Dawid Tomala dokonał rzeczy wręcz niesamowitej. Reprezentant Polski w wielkim stylu wywalczył złoto olimpijskie w chodzie na 50 km. Internauci byli pod ogromnym wrażeniem dokonania 31-latka.

To jedna z najpiękniejszych historii tych igrzysk. Dawid Tomala, który przed wyjazdem do Tokio, tylko raz ukończył chód na 50 km, teraz został mistrzem olimpijskim na tym dystansie.

Imponujący był styl, w jakim tego dokonał. W pewnym momencie jego przewaga nad rywalami wynosiła trzy minuty.

"Prawdopodobnie na świecie, jeszcze cztery godziny temu, były tylko dwie osoby, które w to wierzyły. Dawid i Grzegorz (Sudoł - dop. MK). To najpiękniejsza historia tokijskich igrzysk" - pisał na Twitterze Marek Plawgo.

Historię z igrzysk w Sydney (2000) przypomniał Szymon Ziółkowski. "Był taki żart, że Polacy albo rzucają młotem, albo po niego chodzą, no teraz jeszcze biegają. Wielkie gratulacje Dawid Tomala" - pisał mistrz olimpijski sprzed 21 lat.

"Co ten Dawid Tomala?! Korzeniowski mu się włączył" - pisał Łukasz Jachimiak. Nawiązał w ten sposób do sukcesów Roberta Korzeniowskiego, czterokrotnego mistrza olimpijskiego w tej konkurencji.

"Poszedł, przyszedł, wyszedł... ze złotym medalem igrzysk w Tokio. To, co kocham w igrzyskach najbardziej: wielkie niespodzianki" - pisał Bartosz Ignacik.

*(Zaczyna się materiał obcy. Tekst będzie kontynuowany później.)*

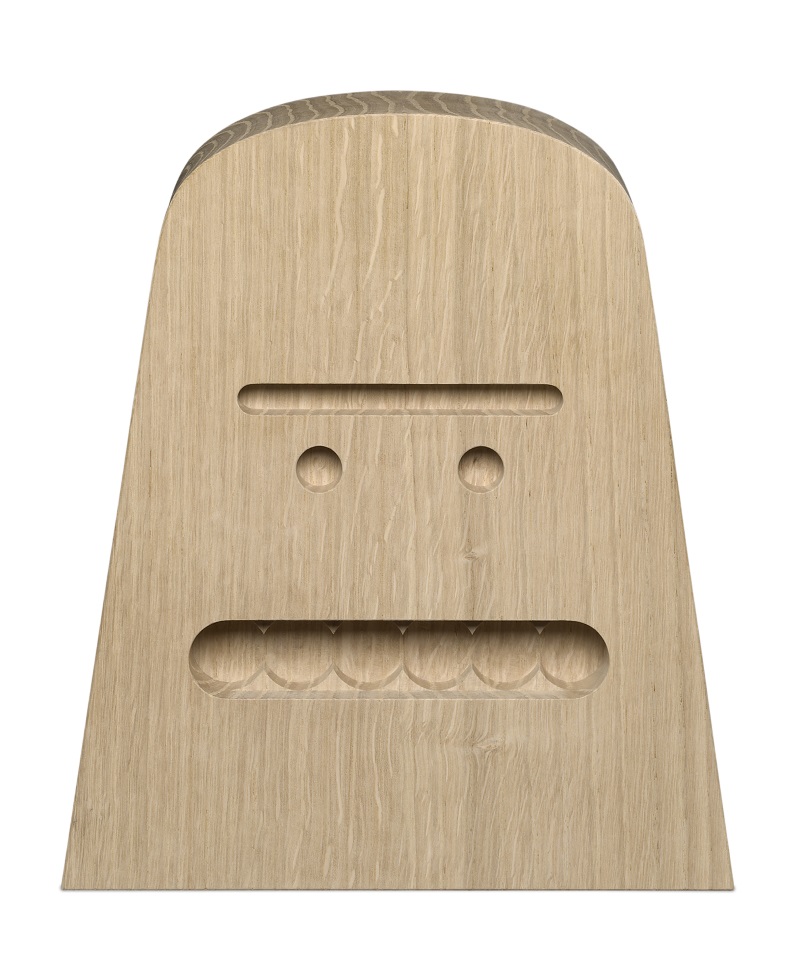 AC17 Big B Holzfigur e15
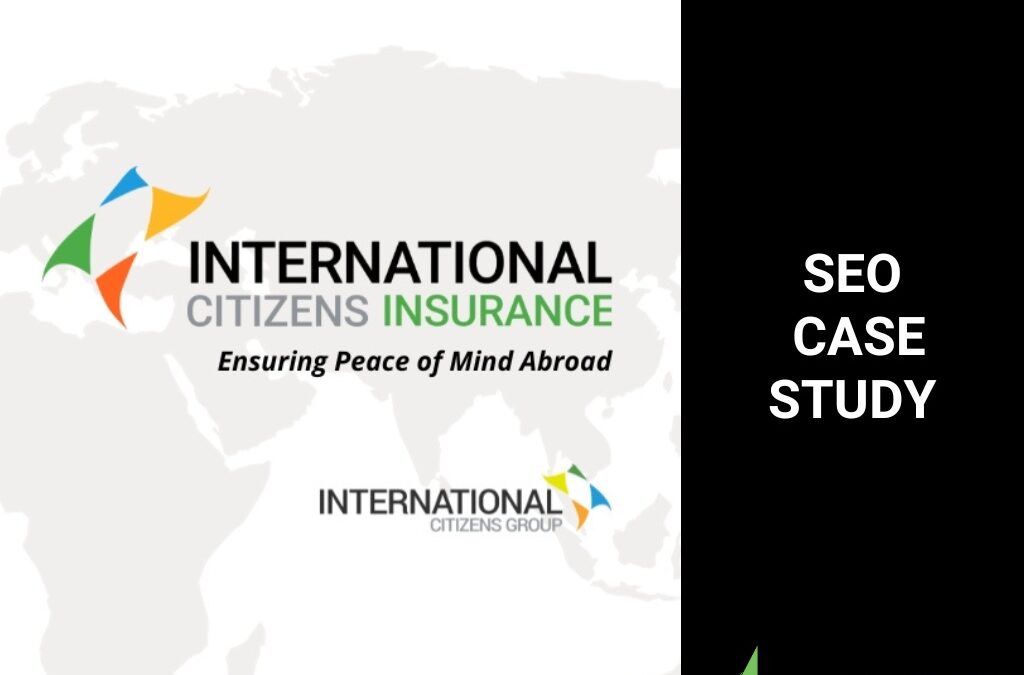 SEO Case Study - How We Helped International Insurance Reach 100K+ Organic Search Visits Per Month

"Uszczypnijcie mnie. Dawid Tomala mistrzem olimpijskim w chodzie na 50 km. Dwa lata temu w Doha wycieńczony przekroczył linie mety na odległym miejscu. Powiedzcie, ze sport nie jest piękny. Największa niespodzianka!" - pisał Hubert Błaszczyk.

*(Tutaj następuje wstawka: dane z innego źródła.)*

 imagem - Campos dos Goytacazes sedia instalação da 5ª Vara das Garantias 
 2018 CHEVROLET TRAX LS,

"Mamy złoto! Sensacja! Dawid Tomala wygrał chód na 50 km" - emocjonował się Łukasz Bok.

Dawid Tomala zdobył jedenasty medal dla Polski na tych igrzyskach. "A niektórzy powątpiewali, czy dobijemy do dyszki" - pisał Łukasz Iwanek.

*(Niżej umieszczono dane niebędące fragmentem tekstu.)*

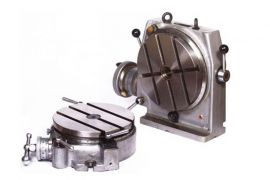 Столы поворотные круглые к фрезерному станку ГОСТ 16935-86, ГОСТ 16936-86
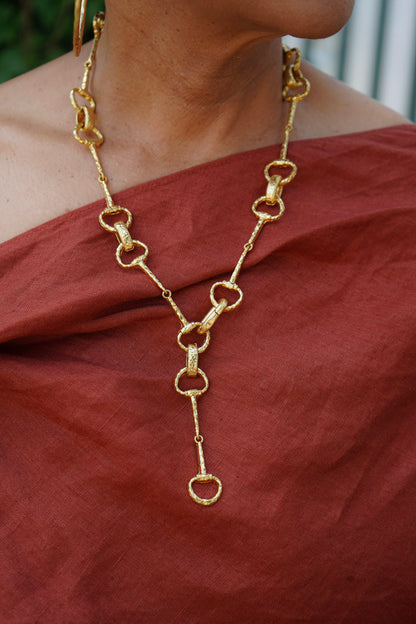 Harmony Horsebit Stack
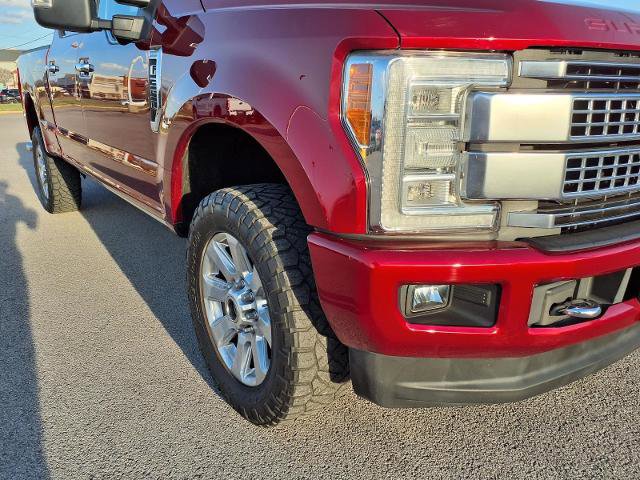 Certified 2017 Ford F350 Platinum image 29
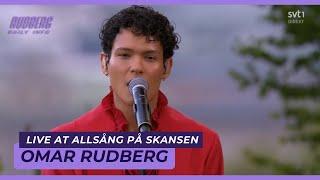 Omar Rudberg | Manma Mia & Red Light Live at Allsång på Skansen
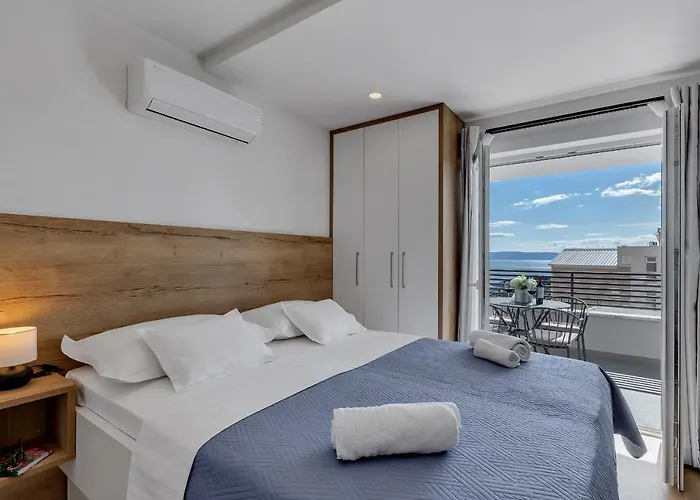 Guest house Buljan Makarska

Wypowiedź Tomali z 2018 roku przypomniał Paweł Kątnik. Zawodnik mówił wtedy, że wchodzi w najlepszy wiek w swojej konkurencji. Przewidział niejako swój sukces.

"Co za historia! Dawid Tomala mistrzem olimpijskim w chodzie na 50 km!" - napisał krótko Aleksander Dzięciołowski.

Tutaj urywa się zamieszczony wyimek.